Applying the Velocity Gradient Technique in NGC 1333: Comparison with Dust Polarization Observations

TL;DR

This study applies the Velocity Gradient Technique to NGC 1333 to compare magnetic field estimates from molecular line data with dust polarization observations, assessing the method's effectiveness across different ISM conditions.

Contribution

It demonstrates the use of VGT in star-forming regions and compares its results with dust polarization, validating its applicability in various density regimes of the ISM.

Findings

VGT provides magnetic field orientation consistent with dust polarization.

The technique estimates the inclination angle and Alfvénic Mach number.

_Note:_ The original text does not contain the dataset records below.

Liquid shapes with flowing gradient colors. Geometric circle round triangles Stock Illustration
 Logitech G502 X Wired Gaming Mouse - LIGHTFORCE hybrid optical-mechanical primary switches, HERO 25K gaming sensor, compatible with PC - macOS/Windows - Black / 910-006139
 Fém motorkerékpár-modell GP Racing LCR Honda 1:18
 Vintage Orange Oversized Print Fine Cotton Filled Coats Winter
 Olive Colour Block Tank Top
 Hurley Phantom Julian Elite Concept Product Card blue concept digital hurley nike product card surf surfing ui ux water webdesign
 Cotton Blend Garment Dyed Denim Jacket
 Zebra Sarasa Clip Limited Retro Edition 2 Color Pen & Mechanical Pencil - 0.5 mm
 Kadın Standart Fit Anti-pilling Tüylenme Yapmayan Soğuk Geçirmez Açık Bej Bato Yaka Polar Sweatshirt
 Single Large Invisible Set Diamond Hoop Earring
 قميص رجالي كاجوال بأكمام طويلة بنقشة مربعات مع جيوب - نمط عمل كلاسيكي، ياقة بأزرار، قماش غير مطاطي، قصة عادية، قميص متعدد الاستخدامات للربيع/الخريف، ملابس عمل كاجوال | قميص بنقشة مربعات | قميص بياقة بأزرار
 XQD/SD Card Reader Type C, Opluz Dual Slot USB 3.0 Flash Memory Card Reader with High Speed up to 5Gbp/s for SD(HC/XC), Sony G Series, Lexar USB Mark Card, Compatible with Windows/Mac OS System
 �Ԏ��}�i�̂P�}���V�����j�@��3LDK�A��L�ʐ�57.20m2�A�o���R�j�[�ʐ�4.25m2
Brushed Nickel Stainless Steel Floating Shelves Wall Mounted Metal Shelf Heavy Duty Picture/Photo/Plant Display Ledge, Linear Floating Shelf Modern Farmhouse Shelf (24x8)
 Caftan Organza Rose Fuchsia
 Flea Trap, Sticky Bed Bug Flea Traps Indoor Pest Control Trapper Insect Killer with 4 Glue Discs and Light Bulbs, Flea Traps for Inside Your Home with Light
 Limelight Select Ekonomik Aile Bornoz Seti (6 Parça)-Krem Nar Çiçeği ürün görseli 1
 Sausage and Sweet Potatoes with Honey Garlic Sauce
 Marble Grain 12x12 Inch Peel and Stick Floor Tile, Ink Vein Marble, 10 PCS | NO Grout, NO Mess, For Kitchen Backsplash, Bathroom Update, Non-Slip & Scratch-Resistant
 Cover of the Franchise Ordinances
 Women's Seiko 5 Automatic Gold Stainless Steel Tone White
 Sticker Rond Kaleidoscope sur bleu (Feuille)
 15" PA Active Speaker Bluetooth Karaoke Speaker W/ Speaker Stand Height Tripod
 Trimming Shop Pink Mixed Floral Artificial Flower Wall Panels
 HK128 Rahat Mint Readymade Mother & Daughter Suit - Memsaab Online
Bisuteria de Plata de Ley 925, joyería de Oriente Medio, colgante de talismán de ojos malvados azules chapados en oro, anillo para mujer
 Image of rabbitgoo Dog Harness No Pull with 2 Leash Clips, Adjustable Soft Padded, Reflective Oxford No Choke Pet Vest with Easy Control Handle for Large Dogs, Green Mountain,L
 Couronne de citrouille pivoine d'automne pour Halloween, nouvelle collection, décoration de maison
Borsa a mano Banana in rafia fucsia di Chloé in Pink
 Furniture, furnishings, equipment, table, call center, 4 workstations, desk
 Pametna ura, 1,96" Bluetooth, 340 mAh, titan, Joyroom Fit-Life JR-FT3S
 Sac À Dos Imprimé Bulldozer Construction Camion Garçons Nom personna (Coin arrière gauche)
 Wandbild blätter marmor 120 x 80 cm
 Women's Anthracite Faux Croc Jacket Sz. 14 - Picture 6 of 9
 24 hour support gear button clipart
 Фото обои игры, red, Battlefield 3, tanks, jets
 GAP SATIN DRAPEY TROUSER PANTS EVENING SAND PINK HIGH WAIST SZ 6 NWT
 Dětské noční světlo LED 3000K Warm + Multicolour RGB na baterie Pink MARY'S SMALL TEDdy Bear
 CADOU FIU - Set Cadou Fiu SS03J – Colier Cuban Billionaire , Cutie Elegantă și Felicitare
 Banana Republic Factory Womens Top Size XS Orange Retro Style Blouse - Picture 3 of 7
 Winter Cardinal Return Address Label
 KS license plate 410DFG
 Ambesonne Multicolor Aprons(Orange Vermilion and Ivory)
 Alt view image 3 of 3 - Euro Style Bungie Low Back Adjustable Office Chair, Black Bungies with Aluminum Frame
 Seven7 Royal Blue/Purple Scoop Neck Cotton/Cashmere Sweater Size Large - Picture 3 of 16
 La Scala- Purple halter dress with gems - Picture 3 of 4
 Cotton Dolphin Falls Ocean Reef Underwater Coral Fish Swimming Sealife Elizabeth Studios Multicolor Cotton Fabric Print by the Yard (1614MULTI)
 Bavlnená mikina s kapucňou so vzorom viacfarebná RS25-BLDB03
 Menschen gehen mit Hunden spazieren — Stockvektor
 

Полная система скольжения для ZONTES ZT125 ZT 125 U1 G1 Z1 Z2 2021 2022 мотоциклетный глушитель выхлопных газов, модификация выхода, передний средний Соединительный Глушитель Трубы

VGT is effective in turbulent, gravitationally bound regions.

Abstract

Magnetic fields (B-fields) are ubiquitous in the interstellar medium (ISM), and they play an essential role in the formation of molecular clouds and subsequent star formation. However, B-fields in interstellar environments remain challenging to measure, and their properties typically need to be inferred from dust polarization observations over multiple physical scales. In this work, we seek to use a recently proposed approach called the Velocity Gradient Technique (VGT) to study B-fields in star-forming regions and compare the results with dust polarization observations in different wavelengths. The VGT is based on the anisotropic properties of eddies in magnetized turbulence to derive B-field properties in the ISM. We investigate that this technique is synergistic with dust polarimetry when applied to a turbulent diffused medium for the purpose of measuring its magnetization. Specifically, we use the VGT on molecular line data toward the NGC~1333 star-forming region ($\rm ^{12}CO$, $\rm ^{13}CO$, $\rm C^{18}O$, and $\rm N_{2}H^{+}$), and we compare the derived B-field properties with those inferred from 214 and 850~$\mu$m dust polarization observations of the region using SOFIA/HAWC+ and JCMT/POL-2, respectively. We estimate both the inclination angle and the 3D Alfv\'enic Mach Number $M_A$ from the molecular line gradients. Crucially, testing this technique on gravitationally bound, dynamic, and turbulent regions, and comparing the results with those obtained from polarization observations at different wavelength, such as the plane-of-the-sky field orientation, is an important test on the applicability of the VGT in various density regimes of the ISM.